I’ve started doing my ethnographic work here. I spent the evening playing Counter-Strike with a handful of gamers. It was interesting to get to play against experienced players again (I was the worst one there) as well as to put on my ethnographer hat and study them. My little research subjects.
I spent three hours playing. So what was the first thing I did when I got home? Started playing Grand Theft Auto. Maybe there is something to this videogame addiction thing.
I read Sarah Thornton’s Club Cultures again the other day. I read it first three years ago before I decided to turn my interest in videogames into my vocation. It and Dick Hebdidge’s Subculture make interesting reading. While reading them I couldn’t help but think about videogame players. Are videogame players a subculture? WHat consists of subcultural capital for a gamer?
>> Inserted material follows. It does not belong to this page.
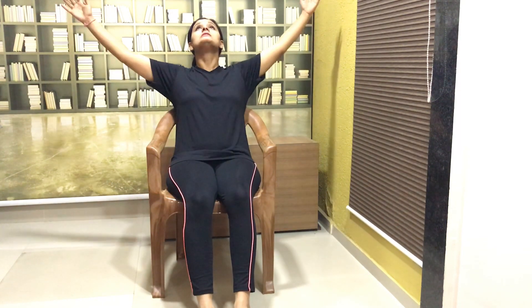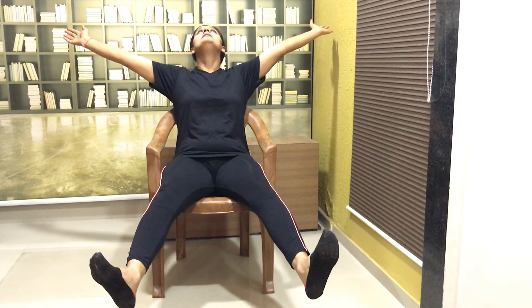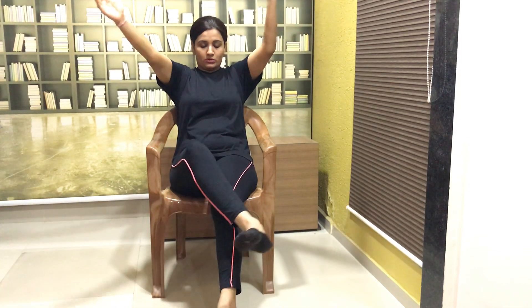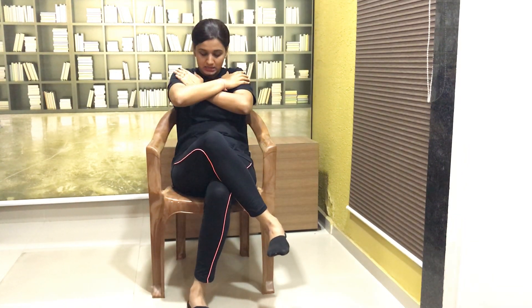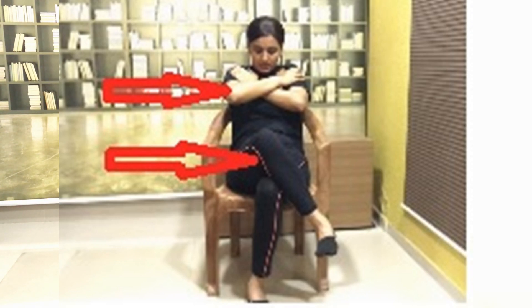I will now show you the exercise which will help in suppressing this Moro reflex. Watch carefully. The starting position of the child will be neck in extension — the child should look up — both hands are outwards, both legs are outwards. Then gradually, together with neck flexion, that is a chin tuck, the child will take both limbs in: right hand on left hand, and right leg on left leg.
I think that obviously he who has the best computer has a certain amount of capital. Also, there is a certain amount of bragging rights to being able to say that you played Counter-Strike earlier than the other guys (beta 3 baby!). But is that enough to make a subculture? I don’t know. I am not sure what calling gamers a subculture gets me and my research. If gamers are a subculture, then so what? Is this a question worth pursuing? Is a label meaningful? Is it useful? I’m not sure. Something to think about.
The site seems to be acting wonky. It works if you go to popularculturegaming.com but not www.popularculturegaming.com. That worked up untill the other day. I didn’t mess with anything. I’m not sure if dot.tk is screwed up or my host is screwed up or if I broke something. But I didn’t touch it, I swear!